Goats...fences... Isn't there an old Texas saying about goat fencing that "it ain't tight enough if smoke blows through it"?
Our fencing (not for goats!) has lots of elevation changes like terraces. I think that the challenge is the inside corner, where the uphill fence and the horizontal fence will be trying to pull the inside fence post up and out. I would suggest that the inside corner, close to the hill, should have at least a corner style "H" braced double posts to handle the fence stress. If your terrace isn't large, I would brace the post uphill to the inside post as well, giving you all three posts being fastened together to resist the fence strain. For all of them, I would put in the deepest post that I could get away with. For goat fencing, you would usually need to cut the fence into an uphill piece, a terrace piece, and a downhill piece, and stretch each of them individually.
We have used two 2" pipe driven in 3-5', crossing just above ground level and a wire tying the two together running up the fence to provide an anchor to apply down force on a barbed wire fence at the inside corner. I doubt that would work for you. If I were doing it again, I would use three pieces of steel fence posts, welded together.
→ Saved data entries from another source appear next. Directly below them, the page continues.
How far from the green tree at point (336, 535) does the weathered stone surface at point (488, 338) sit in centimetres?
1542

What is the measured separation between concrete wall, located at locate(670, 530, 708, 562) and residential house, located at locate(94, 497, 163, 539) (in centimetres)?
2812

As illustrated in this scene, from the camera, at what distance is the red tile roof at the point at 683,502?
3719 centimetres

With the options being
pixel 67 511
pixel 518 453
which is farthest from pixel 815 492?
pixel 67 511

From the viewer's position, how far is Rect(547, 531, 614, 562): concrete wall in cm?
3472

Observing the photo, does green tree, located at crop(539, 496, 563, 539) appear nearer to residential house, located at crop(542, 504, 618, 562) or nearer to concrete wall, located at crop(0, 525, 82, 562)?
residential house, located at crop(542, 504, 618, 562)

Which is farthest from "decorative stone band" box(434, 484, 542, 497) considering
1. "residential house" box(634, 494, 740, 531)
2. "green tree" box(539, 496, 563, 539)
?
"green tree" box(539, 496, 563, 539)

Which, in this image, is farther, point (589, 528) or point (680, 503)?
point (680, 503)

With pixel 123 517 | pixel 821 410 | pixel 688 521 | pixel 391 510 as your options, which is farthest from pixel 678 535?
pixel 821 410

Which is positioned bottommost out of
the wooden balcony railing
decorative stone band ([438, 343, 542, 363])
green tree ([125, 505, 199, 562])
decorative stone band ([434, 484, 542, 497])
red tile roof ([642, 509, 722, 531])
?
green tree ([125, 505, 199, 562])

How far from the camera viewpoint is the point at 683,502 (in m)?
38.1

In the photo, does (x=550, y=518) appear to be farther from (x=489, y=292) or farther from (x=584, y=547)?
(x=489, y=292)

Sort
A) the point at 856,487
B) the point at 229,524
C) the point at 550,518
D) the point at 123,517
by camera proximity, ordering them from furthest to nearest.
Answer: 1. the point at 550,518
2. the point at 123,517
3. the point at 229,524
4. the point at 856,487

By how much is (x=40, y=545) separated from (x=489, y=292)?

FWIW: We also run electric fence inside to keep animals from pressuring or exploring the main fence.
Having grown up with hillsides with relatively slow change of slope, I find these rapid change of slope fences a lot more work, because you need so many control structures to get the forces right on the fence. If we had more rock, I would consider
@oosik's suggestion of gabions, but for goats I would put the gabion outside their enclosure.